Postgresql – UPDATE Query replacing string primary key taking days to resolve

postgresqlupdate

I'm working with a DB (not designed by me) that had the primary key set to a 47 character length string, which is causing problems due to the fact that the table has over 20 million rows, and this number increases daily. I'm currently working from my development laptop, which is definitely not as powerful as the server, but I only downloaded part of the DB to test changes/speed of execution.

The pk has 4 parts, 2 are static and so I'm hoping to cut them, one is a semi-unique identifier (aka it should be unique but is not guaranteed to be unique) that could be stored as a bigint, and the other is a UUID-like value that is a pk in another table (with ~30,000 rows) that could be represented as a hex string literal (aka I can store as bytea and use it to output as a string when needed). So, I added serials to both tables, but I need to keep the semi-unique identifier and the reference to the other table as they will be necessary for output purposes, although after this they should be ignorable for joins etc.

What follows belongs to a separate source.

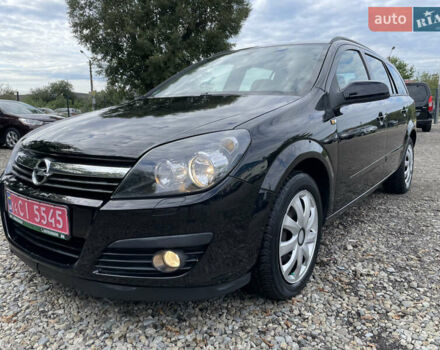 Черный Опель Астра, объемом двигателя 1.6 л и пробегом 203 тыс. км за 5200 $, фото 28 на Automoto.ua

So I wrote the following query (tables etc. renamed):

UPDATE bigtable set foreign_key = foreigntable.new_id,
semi_unique_id = (split_part(bigtable.old_id,'.',3))::bigint
FROM foreigntable
WHERE foreigntable.old_id = split_part(bigtable.old_id,'.',2);

I tested this query on 50 rows (AND WHERE bigtable.new_id IN (1,2,3....) and it looked like this would take several days to run.
I thought, maybe it was too much work to do lookups this way, maybe I'll do it in parts, the first query simply to split out the two pieces of information I need, and the second to actually get the information I want from the other table.

So it would look something like this:

UPDATE bigtable SET old_foreign_pk = decode(split_part(old_id,'.',2),'hex'), 
semi_unique_id = (split_part(old_id,'.',3))::bigint;

followed by

UPDATE bigtable SET foreign_key = foreigntable.new_id
FROM foreigntable
WHERE foreigntable.old_id = split_part(bigtable.old_id,'.',2);

However, running the query on 50-100 rows (using the method above) seems to suggest it will take 1-2 days to run. That kind of down-time is not really acceptable, can these queries be optimized or is this the cost of having a bad pk for so long?

Edit:

the old pk is stored as character varying and has this form:

log.501ad896c4960b089dd8638f.1344902965419.txt
log.4fe5242a785d0b080de707fa.1344903775142.txt

of which the first number uniquely identifies a row in another table, and the second is theoretically unique but is not guaranteed to be so. so the first is essentially 96 bits stored as a hex string that is a unique identifier (which is why it's only UUID-like), whereas the second is bigger than a integer but smaller than a bigint. the two, when combined do reference files, so they can't be discarded but it's not very efficient in terms of storage.

Best Answer

For the first query it can run fairy fast, but you'd need some temporary functional index for a join:

create index bigtable_old_id_2 on bigtable( split_part(bigtable.old_id,'.',2) );
create index foreigntable_old_id on foreigntable(old_id);

This will allow Potgres to quickly find matching row in bigtable.

You can drop these indexes afterwards if you don't need them anymore.